Add the following line of code in the Program.cs file to add the AuthorRepository service to the container.

builder.Services.AddScoped<IAuthorRepository, AuthorRepository>();

Here is the complete source code of the Program.cs file for your reference:

using EFCoreInMemoryDbDemo;
var builder = WebApplication.CreateBuilder(args);
builder.Services.AddScoped<IAuthorRepository, AuthorRepository>();
builder.Services.AddControllers();
builder.Services.AddEndpointsApiExplorer();
builder.Services.AddSwaggerGen();
var app = builder.Build();
if (app.Environment.IsDevelopment())
{
    app.UseSwagger();
    app.UseSwaggerUI();
}
app.UseHttpsRedirection();
app.UseAuthorization();
app.MapControllers();
app.Run();

Create a Web API controller in ASP.NET Core 6

So far so good. Now, right-click on the Controllers solution folder, click “Add -> Controller...”, and create a new API controller in your project. Name the controller AuthorController and replace the default generated code with the following:

using EFCoreInMemoryDbDemo.Models;
using Microsoft.AspNetCore.Mvc;
namespace EFCoreInMemoryDbDemo.Controllers
{
    [Route("api/[controller]")]
    [ApiController]
    public class AuthorController : ControllerBase
    {
        readonly IAuthorRepository _authorRepository;
        public AuthorController(IAuthorRepository authorRepository)
        {
            _authorRepository = authorRepository;
        }
        [HttpGet]
        public ActionResult<List<Author>> Get()
        {
            return Ok(_authorRepository.GetAuthors());
        }
    }
}

Note how dependency injection has been used to inject an instance of type IAuthorRepository in the constructor of the AuthorController class.
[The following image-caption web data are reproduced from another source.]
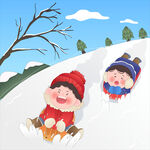 冬季雪天孩子滑雪场雪橇滑雪插画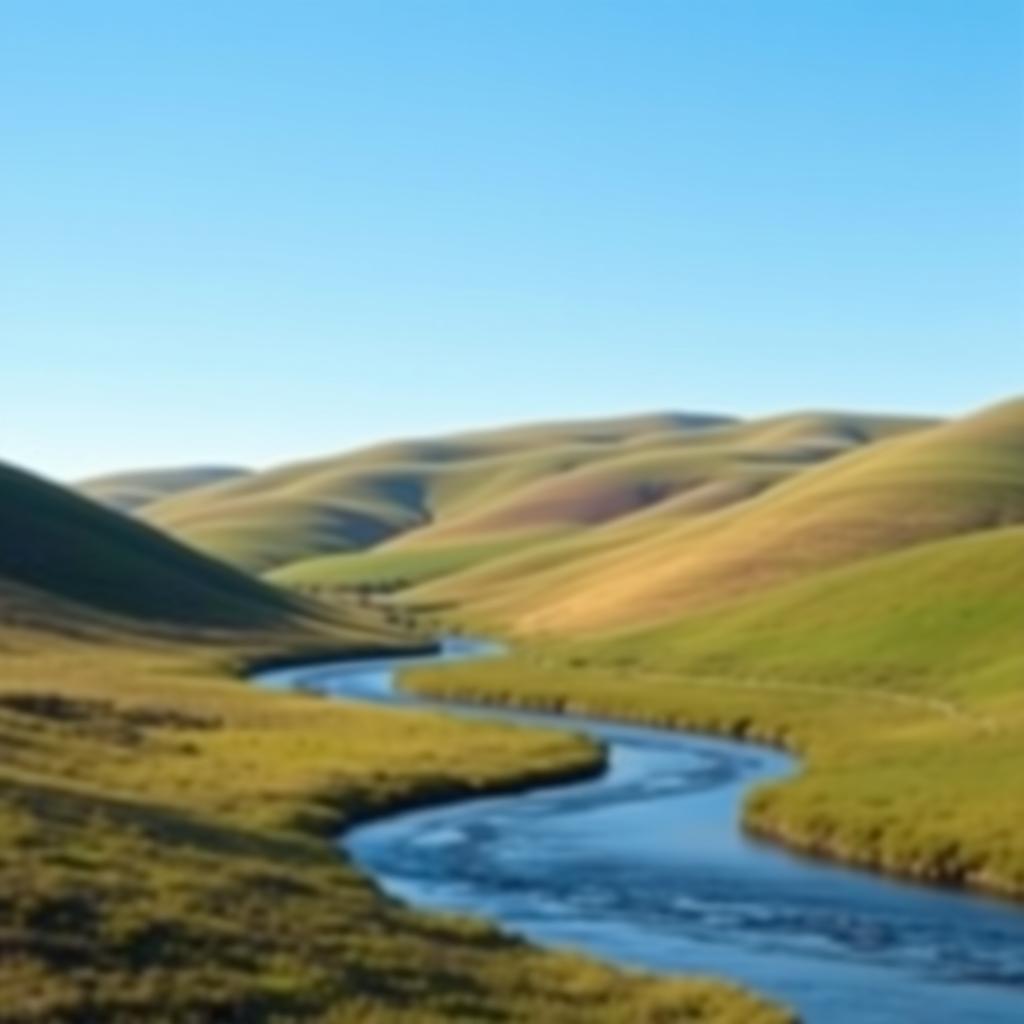 Create an image of a serene landscape with rolling hills, a clear blue sky, and a gentle river flowing through the scene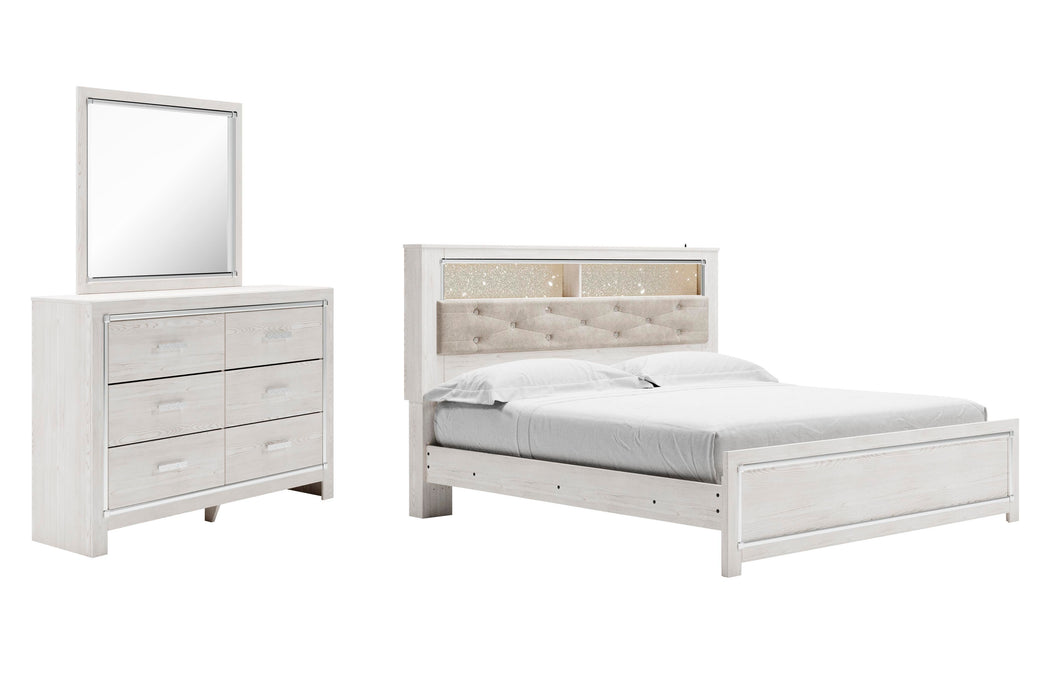 Altyra White Altyra King Panel Bookcase Bed with Mirrored Dresser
The HttpGet action method of the AuthorController class calls the GetAuthors method of the AuthorRepository class and returns a list of authors.

Finally, when you execute the application and hit the HttpGet endpoint of the AuthorController using Postman, you should see the output as shown in Figure 1 below.

ef core in memory database 01 IDG

Figure 1. Testing our simple in-memory database created with ASP.NET Core 6 and EF Core.

This was a minimalistic implementation of an ASP.NET Core 6 web application with the primary intent of showing you how to work with an in-memory database using EF Core. You should write your own custom code to generate the Ids for both of the model classes. Additionally, you might take advantage of unit tests to test the endpoints in your application. As you might expect, unit tests that leverage the EF Core In-Memory Database Provider will run quite fast.